— Try it —
Shown below is a listing with pictures; reproduce exactly, and only, the lines between the ones containing "[ TẶNG DÂY ĐAI" and "Car mats suitable", inclusive, leaving the pictures out.

— The data —
..............................

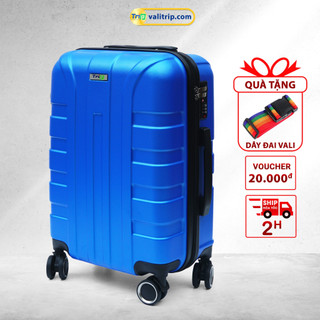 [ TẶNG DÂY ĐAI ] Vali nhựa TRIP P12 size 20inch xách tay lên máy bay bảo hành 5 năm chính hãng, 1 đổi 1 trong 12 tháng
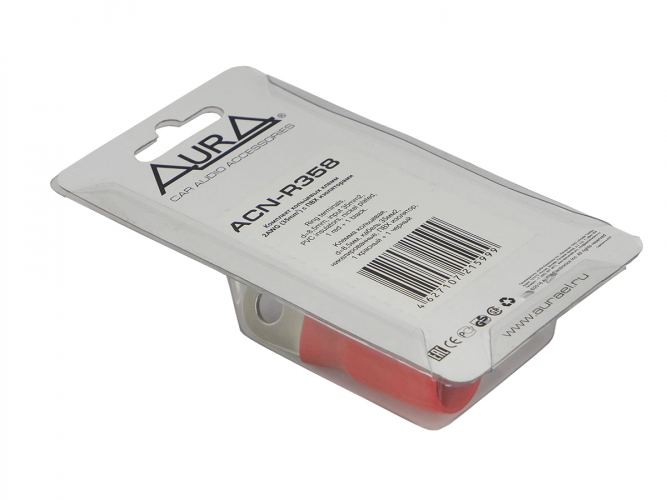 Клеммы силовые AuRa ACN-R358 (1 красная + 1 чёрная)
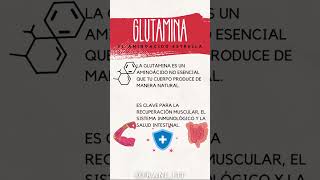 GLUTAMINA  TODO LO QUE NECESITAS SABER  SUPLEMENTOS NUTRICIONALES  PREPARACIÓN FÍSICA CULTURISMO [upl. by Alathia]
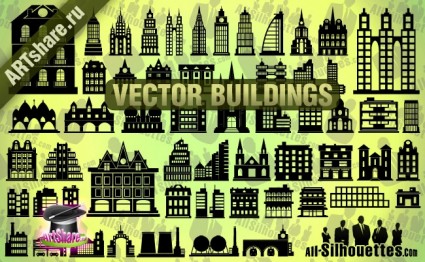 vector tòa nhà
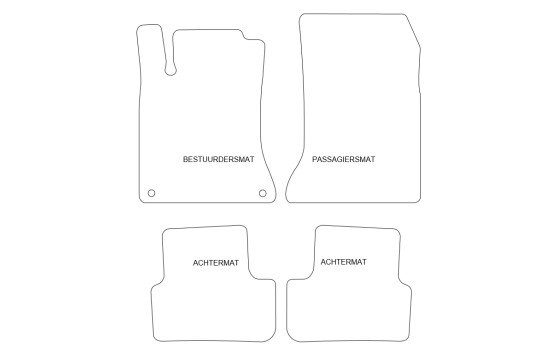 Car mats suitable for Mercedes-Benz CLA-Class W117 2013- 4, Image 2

..............................

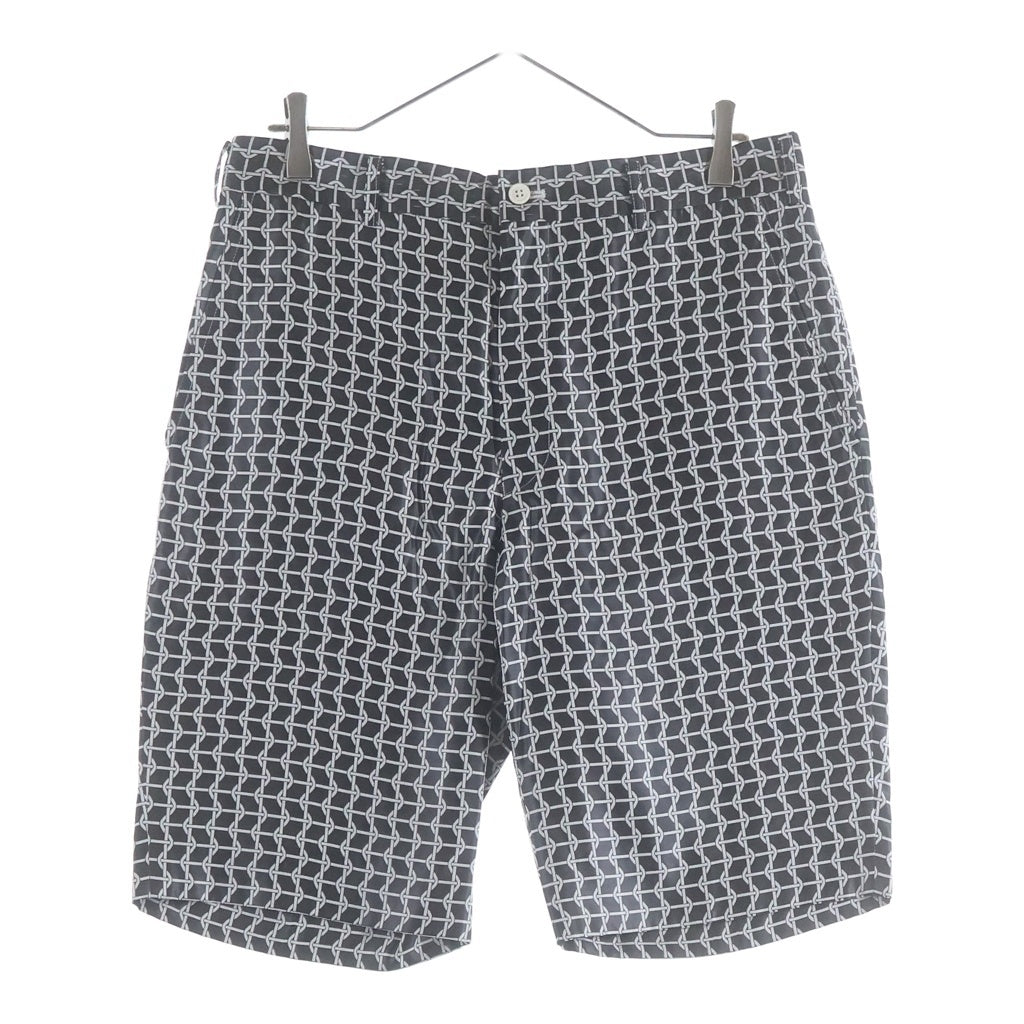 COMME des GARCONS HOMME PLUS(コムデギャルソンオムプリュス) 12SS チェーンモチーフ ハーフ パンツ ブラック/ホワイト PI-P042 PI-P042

..............................

— Response box —
 [ TẶNG DÂY ĐAI ] Vali nhựa TRIP P12 size 20inch xách tay lên máy bay bảo hành 5 năm chính hãng, 1 đổi 1 trong 12 tháng
 Клеммы силовые AuRa ACN-R358 (1 красная + 1 чёрная)
 GLUTAMINA  TODO LO QUE NECESITAS SABER  SUPLEMENTOS NUTRICIONALES  PREPARACIÓN FÍSICA CULTURISMO [upl. by Alathia]
 vector tòa nhà
 Car mats suitable for Mercedes-Benz CLA-Class W117 2013- 4, Image 2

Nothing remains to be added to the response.